Магазинщики и в самом деле имели много. Как я убедился на практике, в московском магазине «Белград» сотню сверху можно было заработать за полдня - если стоять на весе, и не на овощах или там яблочках, а, скажем, на бананах. Или на лимонах: на них можно было взять и полтораста, и даже двести за смену. Заведующая поздравляла своих сотрудников с днем рождения: «Вот тебе лимоны, и все твое». Твое - в смысле не нужно делиться с заведующей.

Но двести были деньгами. Именно эта сумма денег была нужна для удовлетворения базовых потребностей одного, отдельно взятого советского человека в течение месяца. Жить-то можно было и на меньшую сумму. Например, в восьмидесятые годы московский студент из хорошего технического вуза, получающий повышенную стипендию - семьдесят пять рублей, - мог существовать на нее, не мучаясь голодом. Но это если шмотье и обувь покупались на родительские. Если речь о взрослом, получалось где-то около двухсот.

Выше - начиналось оно. Потребление.

300.

Trista - это ошибка. Сборник стихов Осипа Мандельштама (первое издание, 1922 год, обложка работы Добужинского, в хорошем состоянии) называется Tristia. «Триста» - так написала глупая девка, которую посадили выписывать квитанции в букинистическом отделе книжного магазина на Калининском проспекте. Я ее не поправляю, зачем.

Хорошая книга - универсальный советский товар.
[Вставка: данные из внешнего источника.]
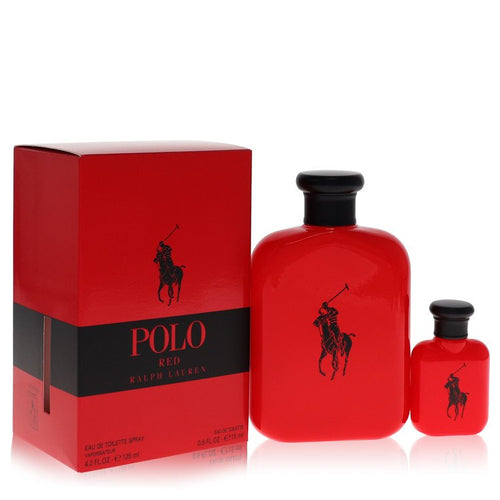 Polo Red by Ralph Lauren Gift Set -- 4.2 oz Eau De Toilette Spray + 0.5 oz Mini EDT for Men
Она - нечто среднее между водкой, валютой пролетариата, и барской роскошью какой-нибудь там шубы. Книга не удовлетворяет физиологическую потребность в опьянении и не символизирует статус генеральской жены. Это именно что предмет потребления par excellence. Читатели книг - не соль земли, но содержимое социального пирога. За ними будущее, которое они представляют себе как огромный книжный магазин, где полно всякого-разного, особенно переводного. Еще бы кафешку на углу, и - вот оно, счастье.

Книжный магазин - место активной спекуляции. Всякая насекомая здесь знает свое место. Жучки тусуются на первом этаже, норовя перехватить томик какой-нибудь гуманитарии или худлита. Жучары занимаются все тем же худлом и альбомами отечественной и гэдээрошной печати. Солидные жучилы обтяпывают делишки на втором этаже, где букинистический с дореволюционными книгами (там пылится Ницше) и настоящими импортными альбомами (стеклянная витрина, которую украшает немецкой печати Босх по запредельной цене). Иногда на поверхность книжного моря волны выносят редкие жемчуга - томик «Философии имени» Лосева, или «Диониса и прадионисийство» Вячеслава Иванова, или того же Ницше в переводе Солдатенкова за сто двадцать пять рэ. Интересную и редкую книгу слизнут за день. Покупателем обязательно окажется какой-нибудь задохлик, отчаявшийся интеллигент, осознавший, что он так и умрет, не прочитав Ницше, «теперь или никогда», - и уходящий с опрокинутым лицом, как у заложившего фамильное имение. Что ж делать, такие книжки стоили «как джинсы» и даже дороже.

«Джинсы» возникли не случайно. Сейчас часто забывают, что в системе дефицита книжки, в том числе и политические, были таким же «объектом потребительского желания», как джинсы. Запрещенное уважали - запрещенность ассоциировалась с дефицитом. Когда рассказывали байку про «Я Пастернака не читал, но осуждаю», в уме возникала ассоциация с незабвенным «О вкусе устриц спорьте с теми, кто их ел».